What the task requires -
Retype all of the data exactly as given.

Supplied material -

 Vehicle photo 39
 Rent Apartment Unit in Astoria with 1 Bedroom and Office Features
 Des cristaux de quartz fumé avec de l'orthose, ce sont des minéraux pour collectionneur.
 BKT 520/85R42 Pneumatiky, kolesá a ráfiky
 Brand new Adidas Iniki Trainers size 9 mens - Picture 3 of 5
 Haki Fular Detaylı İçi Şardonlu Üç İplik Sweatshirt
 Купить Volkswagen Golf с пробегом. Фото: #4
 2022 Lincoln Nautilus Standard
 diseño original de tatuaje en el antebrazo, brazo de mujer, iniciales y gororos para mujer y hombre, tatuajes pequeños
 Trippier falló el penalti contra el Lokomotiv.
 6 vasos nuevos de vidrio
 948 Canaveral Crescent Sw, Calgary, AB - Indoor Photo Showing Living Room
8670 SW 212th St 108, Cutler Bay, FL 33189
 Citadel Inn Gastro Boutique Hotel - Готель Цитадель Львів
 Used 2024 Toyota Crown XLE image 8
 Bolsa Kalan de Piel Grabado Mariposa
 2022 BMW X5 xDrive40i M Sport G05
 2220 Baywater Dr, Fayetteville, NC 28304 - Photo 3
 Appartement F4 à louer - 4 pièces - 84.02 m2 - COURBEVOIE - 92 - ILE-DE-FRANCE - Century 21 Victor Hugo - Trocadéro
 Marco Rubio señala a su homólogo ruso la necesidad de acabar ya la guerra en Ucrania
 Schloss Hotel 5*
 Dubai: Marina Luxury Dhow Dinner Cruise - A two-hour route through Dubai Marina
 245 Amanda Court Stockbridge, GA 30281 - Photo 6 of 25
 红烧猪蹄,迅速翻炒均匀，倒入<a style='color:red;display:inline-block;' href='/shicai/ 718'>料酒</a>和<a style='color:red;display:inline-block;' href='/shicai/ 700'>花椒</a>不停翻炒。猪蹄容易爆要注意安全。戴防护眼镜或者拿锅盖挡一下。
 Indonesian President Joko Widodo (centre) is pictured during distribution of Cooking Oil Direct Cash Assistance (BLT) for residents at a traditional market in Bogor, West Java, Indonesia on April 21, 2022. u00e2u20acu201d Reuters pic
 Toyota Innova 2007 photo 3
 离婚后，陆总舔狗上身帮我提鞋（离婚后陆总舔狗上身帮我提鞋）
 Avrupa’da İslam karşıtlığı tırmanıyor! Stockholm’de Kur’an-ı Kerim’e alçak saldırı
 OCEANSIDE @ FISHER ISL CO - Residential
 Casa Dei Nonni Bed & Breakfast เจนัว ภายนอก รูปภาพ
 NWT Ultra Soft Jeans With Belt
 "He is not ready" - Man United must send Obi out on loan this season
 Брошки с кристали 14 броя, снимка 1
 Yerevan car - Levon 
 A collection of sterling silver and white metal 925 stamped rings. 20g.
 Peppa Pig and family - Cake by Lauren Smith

The completed task -
 Vehicle photo 39
 Rent Apartment Unit in Astoria with 1 Bedroom and Office Features
 Des cristaux de quartz fumé avec de l'orthose, ce sont des minéraux pour collectionneur.
 BKT 520/85R42 Pneumatiky, kolesá a ráfiky
 Brand new Adidas Iniki Trainers size 9 mens - Picture 3 of 5
 Haki Fular Detaylı İçi Şardonlu Üç İplik Sweatshirt
 Купить Volkswagen Golf с пробегом. Фото: #4
 2022 Lincoln Nautilus Standard
 diseño original de tatuaje en el antebrazo, brazo de mujer, iniciales y gororos para mujer y hombre, tatuajes pequeños
 Trippier falló el penalti contra el Lokomotiv.
 6 vasos nuevos de vidrio
 948 Canaveral Crescent Sw, Calgary, AB - Indoor Photo Showing Living Room
8670 SW 212th St 108, Cutler Bay, FL 33189
 Citadel Inn Gastro Boutique Hotel - Готель Цитадель Львів
 Used 2024 Toyota Crown XLE image 8
 Bolsa Kalan de Piel Grabado Mariposa
 2022 BMW X5 xDrive40i M Sport G05
 2220 Baywater Dr, Fayetteville, NC 28304 - Photo 3
 Appartement F4 à louer - 4 pièces - 84.02 m2 - COURBEVOIE - 92 - ILE-DE-FRANCE - Century 21 Victor Hugo - Trocadéro
 Marco Rubio señala a su homólogo ruso la necesidad de acabar ya la guerra en Ucrania
 Schloss Hotel 5*
 Dubai: Marina Luxury Dhow Dinner Cruise - A two-hour route through Dubai Marina
 245 Amanda Court Stockbridge, GA 30281 - Photo 6 of 25
 红烧猪蹄,迅速翻炒均匀，倒入<a style='color:red;display:inline-block;' href='/shicai/ 718'>料酒</a>和<a style='color:red;display:inline-block;' href='/shicai/ 700'>花椒</a>不停翻炒。猪蹄容易爆要注意安全。戴防护眼镜或者拿锅盖挡一下。
 Indonesian President Joko Widodo (centre) is pictured during distribution of Cooking Oil Direct Cash Assistance (BLT) for residents at a traditional market in Bogor, West Java, Indonesia on April 21, 2022. u00e2u20acu201d Reuters pic
 Toyota Innova 2007 photo 3
 离婚后，陆总舔狗上身帮我提鞋（离婚后陆总舔狗上身帮我提鞋）
 Avrupa’da İslam karşıtlığı tırmanıyor! Stockholm’de Kur’an-ı Kerim’e alçak saldırı
 OCEANSIDE @ FISHER ISL CO - Residential
 Casa Dei Nonni Bed & Breakfast เจนัว ภายนอก รูปภาพ
 NWT Ultra Soft Jeans With Belt
 "He is not ready" - Man United must send Obi out on loan this season
 Брошки с кристали 14 броя, снимка 1
 Yerevan car - Levon 
 A collection of sterling silver and white metal 925 stamped rings. 20g.
 Peppa Pig and family - Cake by Lauren Smith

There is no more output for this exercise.